HTMap is a Python library that wraps the process of mapping Python function calls out to an HTCondor pool.

This section covers some examples that explains how to use HTMap against the CERN HTcondor cluster. We strongly recommend you to follow the upstream documentation to discover all the possibilities that this library offers.

Tip

The support for HTMap in our infrastructure has been added recently.

If you have any question or you have a use-case planned to be implemented with HTMap, feel free to contact us for further discussion. This will help us improving its support.

Installing HTMap

At the time of writting, there is a bug in the latest published release of HTMap (v0.6.1) that makes it difficult to work properly on AFS filesystem as we do at CERN.

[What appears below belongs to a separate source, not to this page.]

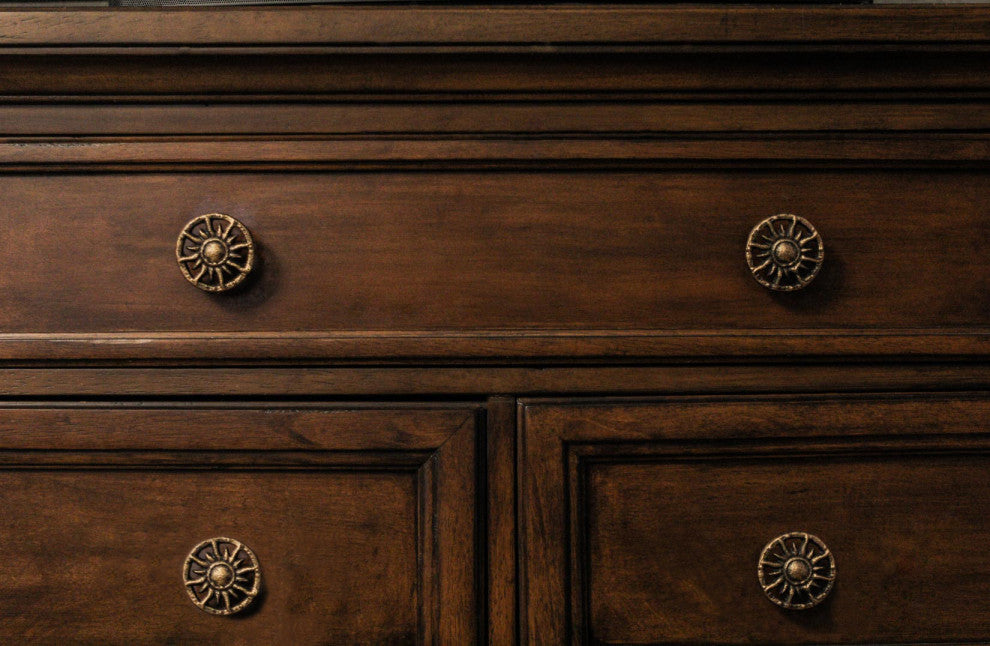 Set of 6 Antique Golden Sun Cast Iron Drawer Pulls Cabinet Knob Home Decor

To workaround this issue, it is recommended to use the latest version available in the master branche. This version can be installed like this:

lxplus:$ pip3 install --user git+https://github.com/htcondor/htmap.git@master

First Steps

Running a basic script with HTMap is straightforward. Using as a reference the example proposed in the upstream documentation, we can adapt it to the CERN infrastructure as follows:

#!/usr/bin/python3

import htcondor
import htmap

def double(x):
    return 2 * x

# Send credentials
credd = htcondor.Credd()
print ("[CREDD] Adding user credentials to credd daemon")
credd.add_user_cred(htcondor.CredTypes.Kerberos, None)

# Create and run the map
htmap.settings["DELIVERY_METHOD"] = "assume"
mapped = htmap.map(double, range(10), 
    map_options = htmap.MapOptions(custom_options={
        "MY.SendCredential": "true",
        "JobFlavour": '"espresso"',
        }))

print(mapped)
doubled = list(mapped)
print(doubled)

Compared to the upstream example, there are a few things that differ:

  • add_user_cred: this call is added to get your token submitted to the schedd. This action ensures that your job has a valid kerberos environment set.

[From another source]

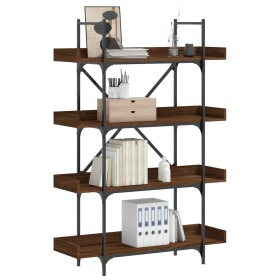 Librería de 4 estantes madera ingeniería marrón 100x33x145,5 cm de , Librerías y estanterías - Ref: Foro24-837696, Precio: 74...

  • MY.SendCredential: setting this option to True ensures that HTCondor transfer your credentials from the scheduler machine to the worker nodes when the job starts to run.

  • DELIVERY_METHOD: the default delivery method is Docker. At the time of writing some issues are being investigated that causes problems. The assume delivery method runs the maps directly on the worker nodes as any other vanilla HTCondor job.

  • JobFlavour: if you foresee that your jobs will take longer than the default 20 minutes maximum runtime, you can make use of the JobFlavour to define a particular MaxRuntime.

Wrapping External Programs

In some circumstances we might need to run external programs in our maps. This scenario is described upstream in the HTMaps documentation.

Adapting this example to our infrastructure gives us the following result:

import htcondor
import htmap
import subprocess
import time
import sys

def add_credentials():
    credd = htcondor.Credd()
    credd.add_user_cred(htcondor.CredTypes.Kerberos, None)

@htmap.mapped(map_options=htmap.MapOptions(fixed_input_files="dbl.sh",
    custom_options={'JobFlavour' : '"espresso"', "MY.SendCredential": "true"}))
def jobs(i):
    process = subprocess.run(
             ["bash", "dbl.sh", str(i)],
             stdout=subprocess.PIPE,
             )

    if process.returncode != 0:
        raise Exception("call to dbl.sh failed!")

    return_value = process.stdout

    return int(return_value)

if __name__ == "__main__":
    add_credentials()
    htmap.settings["DELIVERY_METHOD"] = "assume"
    new_map = jobs.map(range(5))
    new_map.wait(show_progress_bar = True)
    print(list(new_map))

The dbl.sh script picks the factor to multiply by from EOS and applies the change to the map value:

#!/bin/bash

FACTOR=$(cat /eos/project/l/lxbatch/public/batchdocs/factor)
echo $(($FACTOR * $1))

The output of running this example should be:

lxplus:$ python3 docs.py
bland-quick-frog:   0%|                  | 0/5 [00:04<?, ?component
bland-quick-frog:  60%|############2     | 3/5 [00:58<00:02,  1.08s/compone
bland-quick-frog: 100%|##################| 5/5 [01:13<00:00, 14.71s/component]
[0, 2, 4, 6, 8]